Revision history for this message
Daniel Nichter (daniel-nichter) wrote :

We decided to remove --lock-wait-timeout and change how --set-vars works because we didn't want to introduce another one-off option (i.e. --innodb-lock-wait-timeout and swap the meaning of the two options to match their corresponding sys var).

--set-vars no longer has a "default: ...", which OptionParser automatically applies to the option if not specified on the command line. We could have done "default: wait_timeout=1000,innodb_lock_wait_timeout=1,lock_wait_timeout=1", but if the user wanted to set another var and did "--set-vars foo=bar", then that would clobber the entire default.

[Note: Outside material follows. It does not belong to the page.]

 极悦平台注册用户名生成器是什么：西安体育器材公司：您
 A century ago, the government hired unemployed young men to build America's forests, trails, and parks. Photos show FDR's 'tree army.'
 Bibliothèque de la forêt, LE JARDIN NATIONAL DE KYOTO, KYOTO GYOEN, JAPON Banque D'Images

So the tool's defaults for --set-vars are now listed under MAGIC_set_vars, and the tool combines these plus whatever, if anything, the user gives on the command line, the user's vars override any tool defaults. Then it sets these vars one-by-one which is better than previous because "SET foo=1,bar=2" will not set bar if setting foo fails. Now failures are isolated.

Another change: --lock-wait-timeout (which used to set innodb_lock_wait_timeout) was magical to avoid warnings: if it failed to set and the current value was <= the requested value, then there was no warning because, the thinking was, "a lower innodb_lock_wait_timeout is always better". This is no longer the case: the tool always warns if it can't set a var with either the default or user-specified value because the user might want a high value for, say, lock_wait_timeout, so the tool waits awhile for metalocks to be released.

Not favoring smaller lock wait timeout values make more sense in combination with --retires because the user may want to wait awhile but only retry a few times. I.e. to wait for a total of 30s if --retries=3 and <some lock timeout value>=10. But if that lock timeout value was 5 and the tool quietly accepts that as better, then the user only get 15s total of waiting before the tool fails--not what they wanted.

Finally, I chose to warn instead of die on failure to set because usually the vars set just affect the tool's resiliency. So it's important to know that the user didn't get what they wanted, but the tool can still continue and still probably succeed. All the same, if it doesn't, the user may now know why: some vars weren't set like they wanted. Warning rather than dying is also necessary, else pt-osc and pt-table-checksum on MySQL 5.1 would always die failing to set innodb_lock_wait_timeout, and would require a manual set and restart of MySQL--no good.